[Raw data]
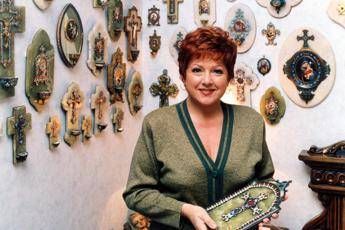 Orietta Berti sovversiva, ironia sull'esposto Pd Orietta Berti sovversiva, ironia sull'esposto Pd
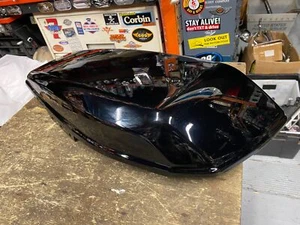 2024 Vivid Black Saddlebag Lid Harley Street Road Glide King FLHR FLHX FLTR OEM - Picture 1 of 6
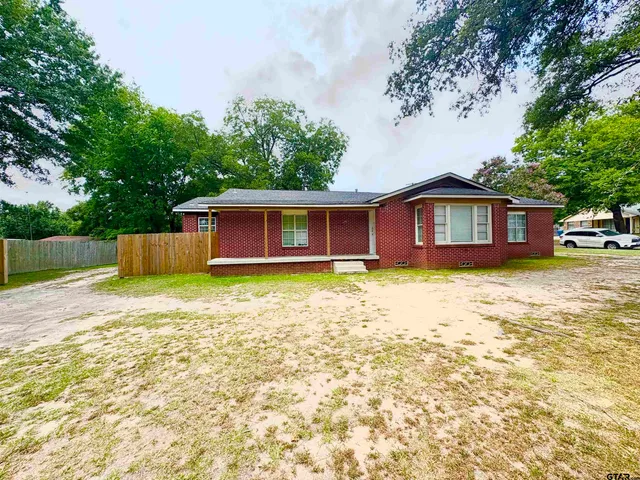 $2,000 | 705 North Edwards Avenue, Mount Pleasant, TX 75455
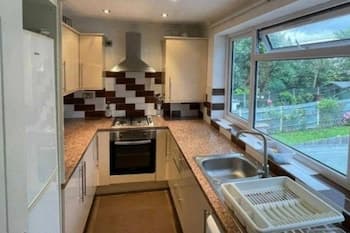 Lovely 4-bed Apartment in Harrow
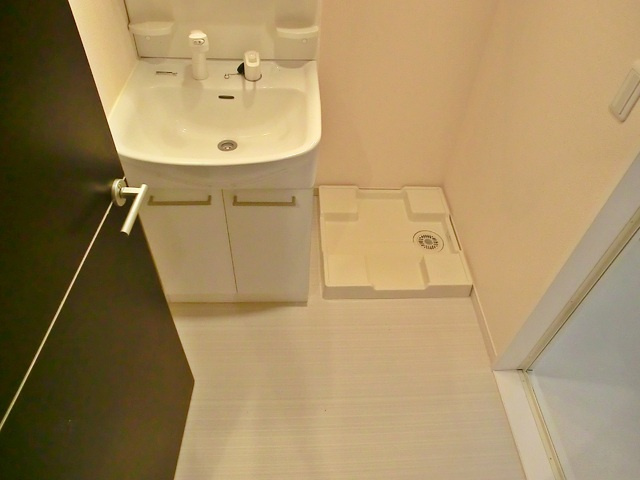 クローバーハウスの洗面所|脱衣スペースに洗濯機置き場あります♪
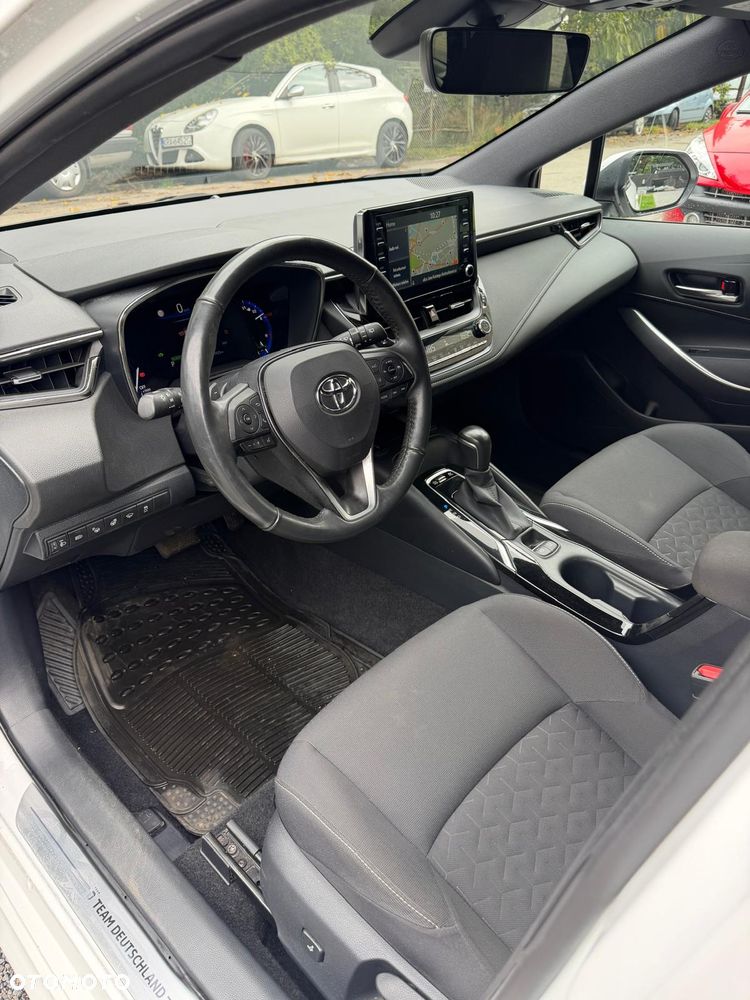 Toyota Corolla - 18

[Exercise directions]
In the data, the line that contains "Lovely 4-bed Apartment in Harrow" begins the part to write out; restate it and each line after it word for word through the end, with no pictures.

[Answer section]
 Lovely 4-bed Apartment in Harrow
 クローバーハウスの洗面所|脱衣スペースに洗濯機置き場あります♪
 Toyota Corolla - 18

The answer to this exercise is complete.